If you don't want to modify the vector (erase, sort) then you can use the Newton library, In the algorithm sublibrary there is a function call, copy_single

template <class INPUT_ITERATOR, typename T>
    void copy_single( INPUT_ITERATOR first, INPUT_ITERATOR last, std::vector<T> &v )

so You can:

std::vector<TYPE> copy; // empty vector
newton::copy_single(first, last, copy);

where copy is the vector in where you want to push_back the copy of the unique elements. but remember you push_back the elements, and you don't create a new vector

anyway, this is faster because you don't erase() the elements (which takes a lot of time, except when you pop_back(), because of reassignment)

I make some experiments and it's faster.

Also, you can use:

std::vector<TYPE> copy; // empty vector
newton::copy_single(first, last, copy);
original = copy;

sometimes is still faster.

You need to sort it before you call unique because unique only removes duplicates that are next to each other.

edit: 38 seconds...

std::unique only works on consecutive runs of duplicate elements, so you'd better sort first. However, it is stable, so your vector will remain sorted.

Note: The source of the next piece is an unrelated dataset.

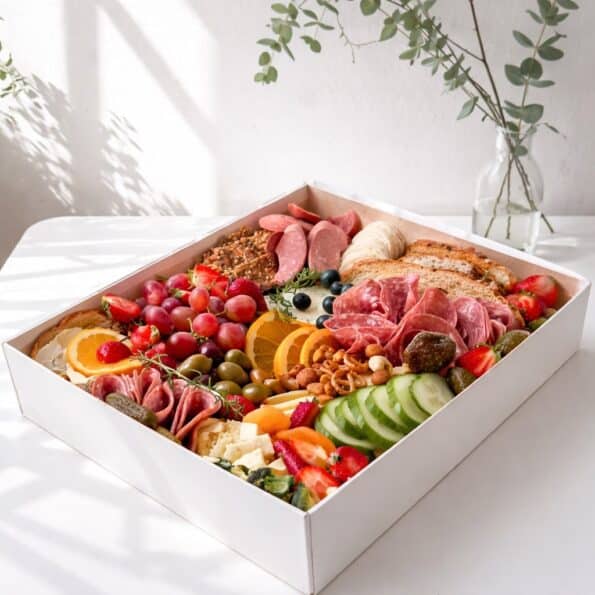 IMG_6945 | Spread The Love Grazing Tables & Platters | North Shore | Auckland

void EraseVectorRepeats(vector <int> & v){ 
TOP:for(int y=0; y<v.size();++y){
        for(int z=0; z<v.size();++z){
            if(y==z){ //This if statement makes sure the number that it is on is not erased-just skipped-in order to keep only one copy of a repeated number
                continue;}
            if(v[y]==v[z]){
                v.erase(v.begin()+z); //whenever a number is erased the function goes back to start of the first loop because the size of the vector changes
            goto TOP;}}}}

This is a function that I created that you can use to delete repeats. The header files needed are just <iostream> and <vector>.

I agree with R. Pate and Todd Gardner; a std::set might be a good idea here. Even if you're stuck using vectors, if you have enough duplicates, you might be better off creating a set to do the dirty work.

Let's compare three approaches:

Just using vector, sort + unique

sort( vec.begin(), vec.end() );
vec.erase( unique( vec.begin(), vec.end() ), vec.end() );

Convert to set (manually)

set<int> s;
unsigned size = vec.size();
for( unsigned i = 0; i < size; ++i ) s.insert( vec[i] );
vec.assign( s.begin(), s.end() );

Convert to set (using a constructor)

set<int> s( vec.begin(), vec.end() );
vec.assign( s.begin(), s.end() );

Here's how these perform as the number of duplicates changes:

Summary: when the number of duplicates is large enough, it's actually faster to convert to a set and then dump the data back into a vector.

And for some reason, doing the set conversion manually seems to be faster than using the set constructor -- at least on the toy random data that I used.